While traveling with the Army of Tennessee, Cumming faithfully recorded her experiences in a journal, which became her great contribution to history. Hastily published within a year of her return to Mobile after the war, Kate Cumming’s journal did not receive the readership it deserved, perhaps because it was too close to the events or because of the influx of Confederate narratives at the time. However, the journal is invaluable from a historical perspective because it is the most complete and realistic record of the workings of Confederate hospitals and the services of matrons. Later, in 1890, she republished the journal under the title, Gleanings from Southland. This shortened, edited version experienced more success in a market “hungry for ‘the romance of reunion’” . Cumming moved to Birmingham in 1874, where she remained until her death in 1909.
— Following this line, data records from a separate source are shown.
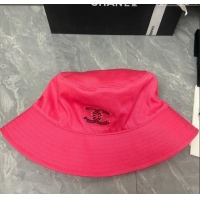 Buy Classic Chanel Denim Bucket Hat with Strass CC 0514 Red 2024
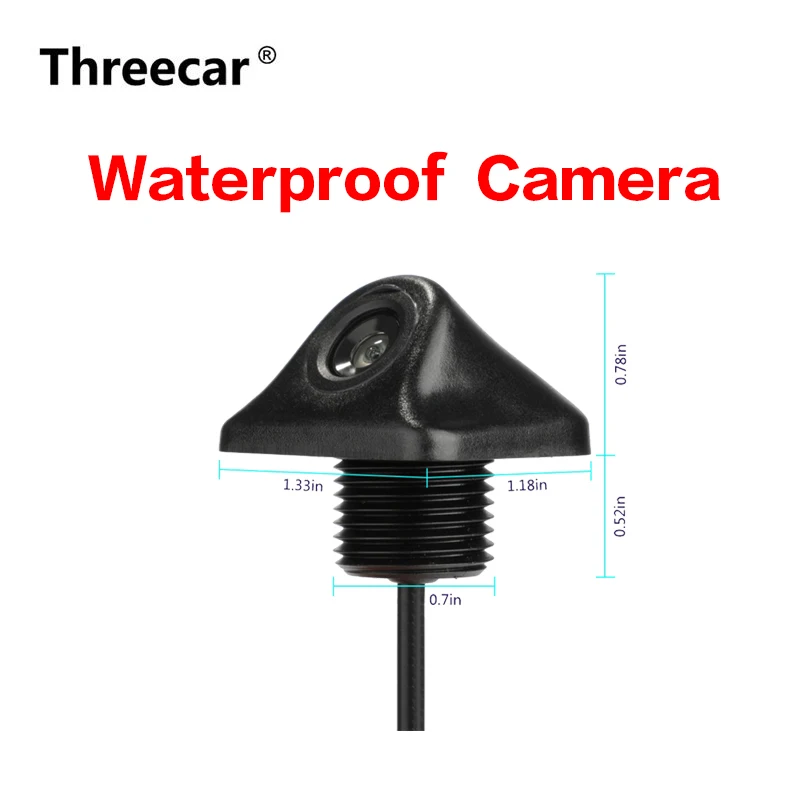 2022 new car Rear View Camera Universal  Night Vision Backup Parking Reverse Camera Waterproof 170 Wide Angle HD Color Image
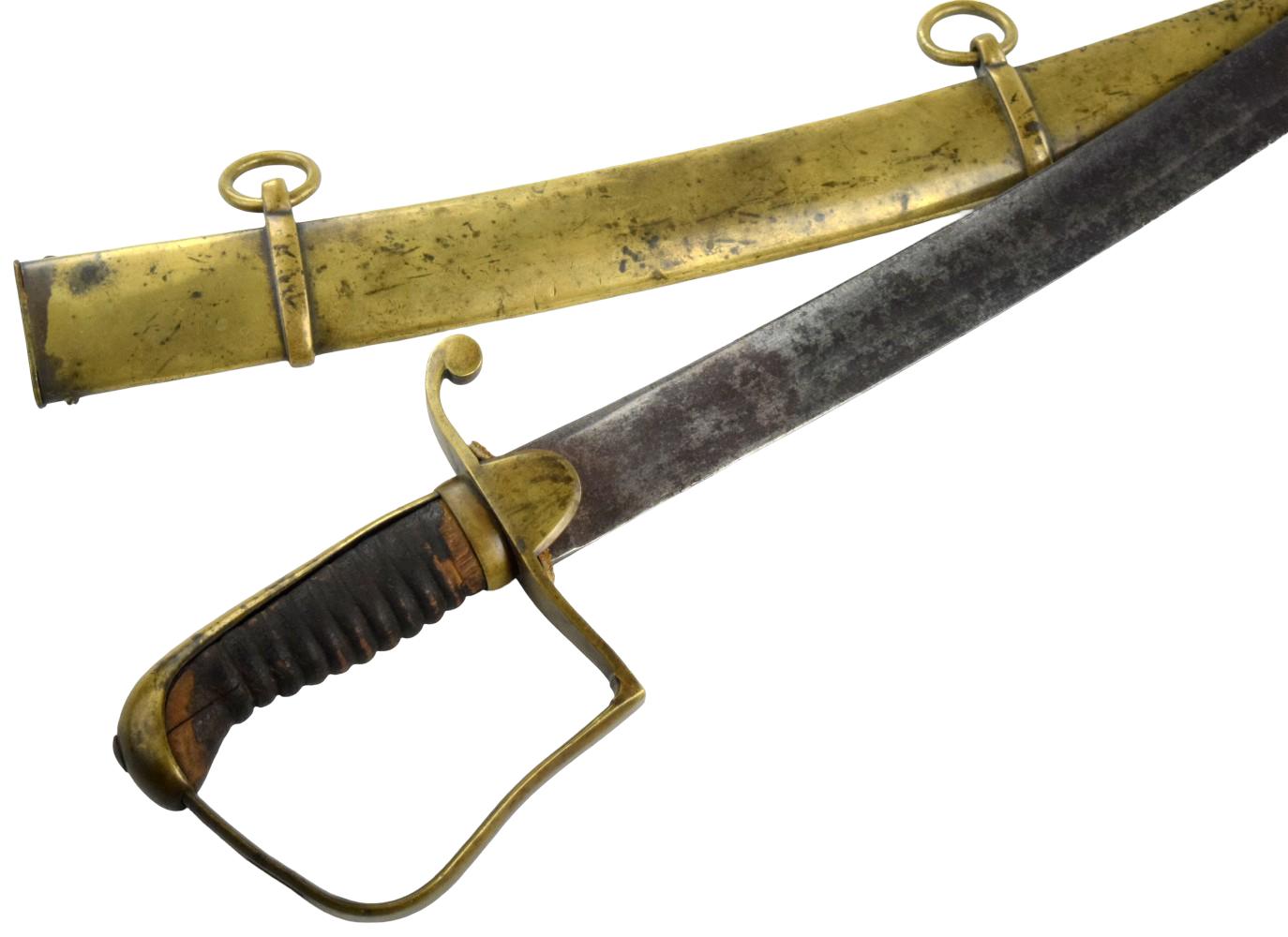 1796 Pattern British Brass Cavalry Sword ~ Possible American Revolution Used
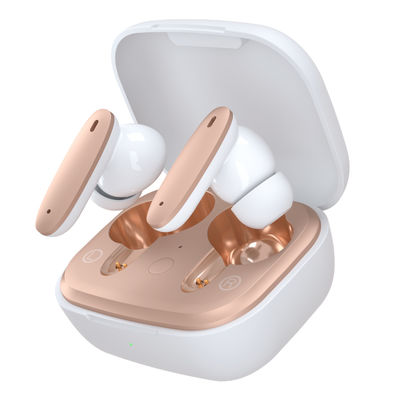 5.0 Headset Bluetooth Anc Bluetooth Earbud Stereo Tws Dengan Pembatalan Kebisingan Aktif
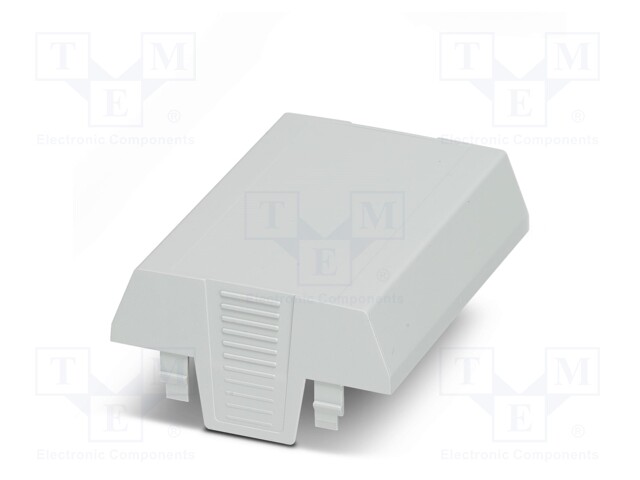 Cover; for enclosures; UL94HB; Series: EH 90; Mat: ABS; grey; 90mm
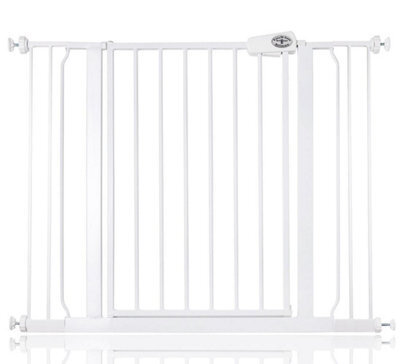 Bettacare Easy Fit Pressure Dog Gate, 100.8Cm - 108.8Cm, White, Pressure Fit Pet Gate For Dog And Puppy, Pet And Dog Barrier - image 1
I found Cumming’s narrative both informative and compelling in an area of the Civil War where I had never before paid much attention. Furthermore, in the events she describes, we catch glimpses of the social standards of the era and relationships among the Southern upper class and between the upper class and the lower orders. The reader is also treated to Kate’s understanding of the meaning of the war which I found worth consideration. Throughout the narrative, Kate keeps a restrained tongue in describing the Federal soldiers.  I suspect that in the 1890 edition used in this book, she edited-out the more “colorful” names she may have used at the time. Of course, every single one of the Southern soldiers in her book is a hero.

While she remained a patriot to her state and to the Confederacy, one cannot help but be impressed at the hardships she and the others overcame. The descriptions of the fear of marauding Federal raiders and war-time destruction in Georgia and Alabama at the end of the war were particularly moving for me. As a citizen of a united America, I find it a great shame that the service the Kate Cumming and those women who served with her are not as well recognized as those of Clara Barton or Mary Ann Bickerdyke.

Cumming returned to Mobile after the war, and in 1866 she first published her journal. In 1874 she moved with her father to Birmingham, Alabama. She never married but resided in Birmingham as a teacher and active member of the United Daughters of the Confederacy until her death on June 5, 1909. She is buried in Mobile.